Customized metadata mapping from OmniFind Enterprise Edition

Overview
OmniFind Enterprise Edition appends special metadata to crawled documents. When the documents come into IBM Content Analyzer PEAR module, the module can convert such metadata to the form which IBM Content Analyzer recognizes. You can view the the metadata in Text Miner along with text analytics data generated by IBM Content Analyzer.
The rule of metadata conversion of the PEAR module is customizable for individual users. The PEAR module includes a default set of conversions for convenience.
This document describes the structure of OmniFind Enterprise Edition metadata, the default mapping rule, and how to customize the mapping.
OmniFind Enterprise Edition metadata
OmniFInd Enterprise Edition appends two kinds of metadata: document metadata and fields.
Document metadata is a fixed set of metadata, primarily used by the system. Currently the following items are defined in the document metadata: Please note that, not all items are guaranteed to be filled, and the items definition can change in future releases.
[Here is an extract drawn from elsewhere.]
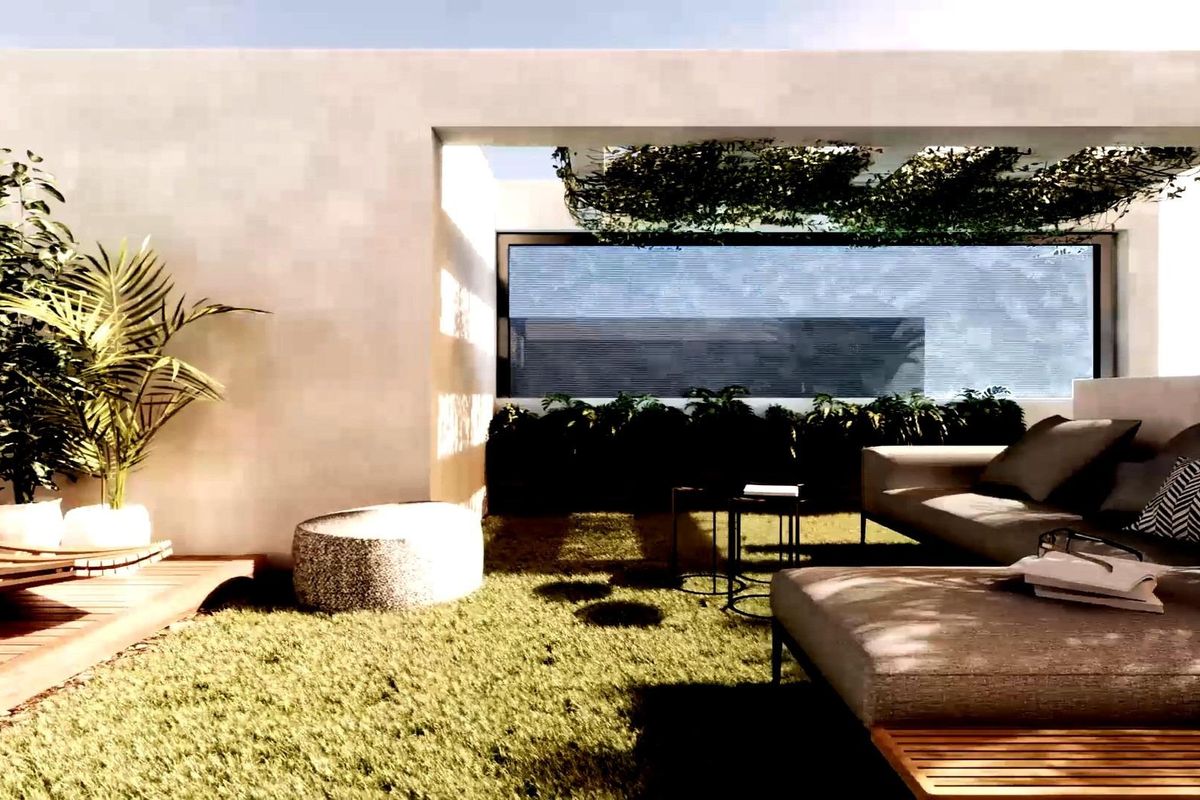 Uitnodigende buiten lounge in Torrevieja met zitplaatsen, groen en een rustgevende sfeer.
Fields are more flexible metadata. Users can define their own fields as well as default fields which crawlers give to the crawled documents. The field value may or may not be in the document itself. For more detail, please refer OmniFind Enterprise Edition manuals.
Default mapping
A default metadata mapping comes with the IBM Content Analyzer PEAR module for convenience. By default, the PEAR module converts all metadata based on the following rule:
Source OmniFind Enterprise Edition metadataTarget IBM Content Analyzer metadata
Document metadataCategory under .ofee
Field, the value is outside the documentCategory under .offield
Field, the value is inside the documentText name
For the first two types of metadata, metadata name will be the category name and metadata value will be the category value. You should create these categories in your category tree to show these metadata in Text Miner. If a field value resides in the document content, the metadata is regarded as a label of the text segment. Therefore the field name will be converted into a text name as in the last row. Text Miner shows which segment of document content is labeled by the field.
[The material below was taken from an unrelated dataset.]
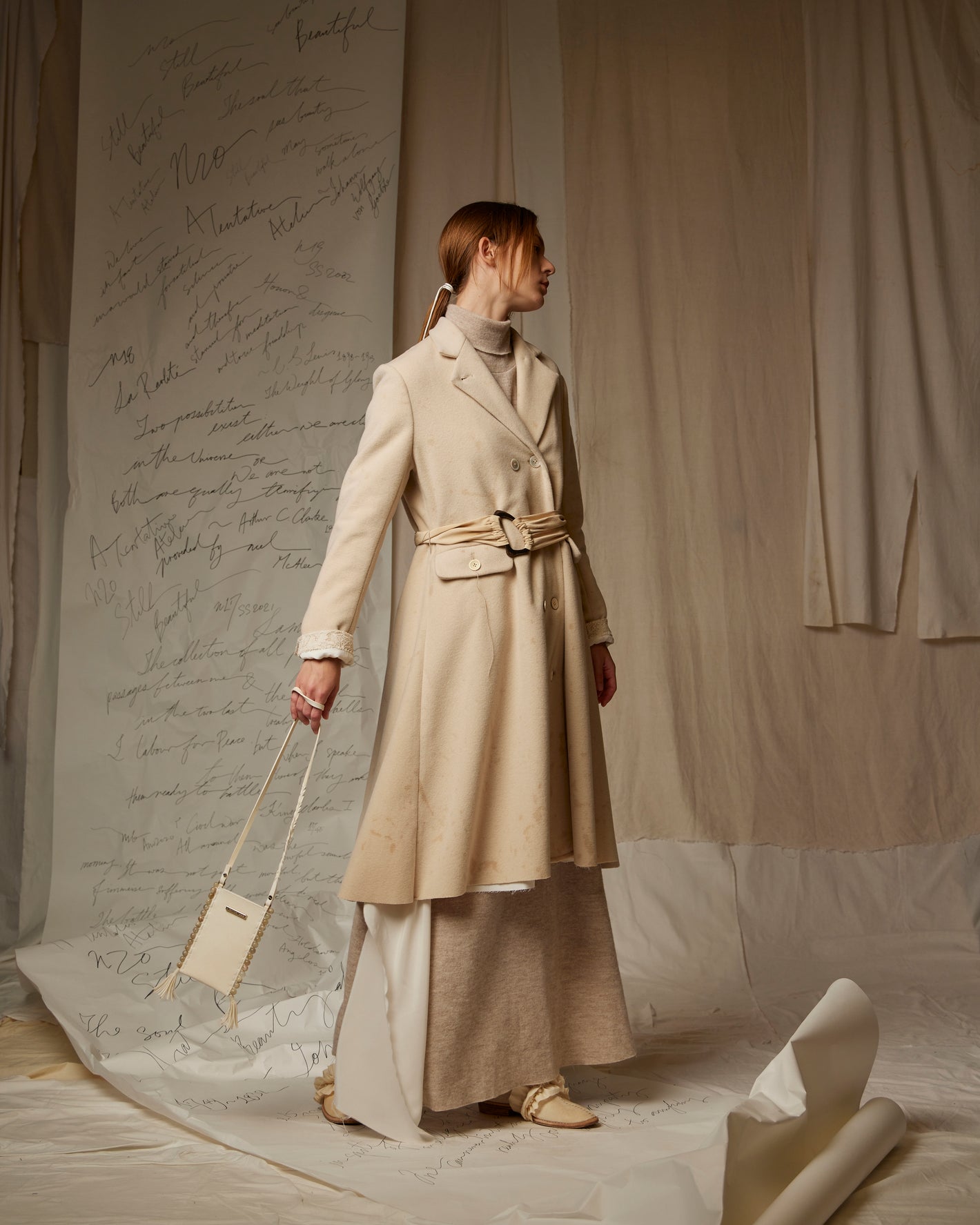 A Tentative Atelier SS23 Lookbook Womens Beige womens belted coat, knit dress and cream strap bag ensemble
Looking at the resulted MIML file, you can see what kind of metadata is attached by OmniFind Enterprise Edition. If you want to change name or category path of the metadata, or remove unnecessary metadata, please write a custom mapping rule as described in the following section.
Custom mapping
The configuration file for the metadata mapping is $PEAR_ROOT/database/conf/ofmapping.xml . $PEAR_ROOT is the root directory of the installed PEAR module in OmniFind Enterprise Edition, $ES_NODE_ROOT/data/pearsupport/PearIDN by default. The configuration file initially looks like:

<?xml version="1.0" encoding="UTF-8"?>
<metadataMapping>
    <useDefaultMapping />
</metadataMapping>
The useDefaultMapping element indicates the default mapping to be used.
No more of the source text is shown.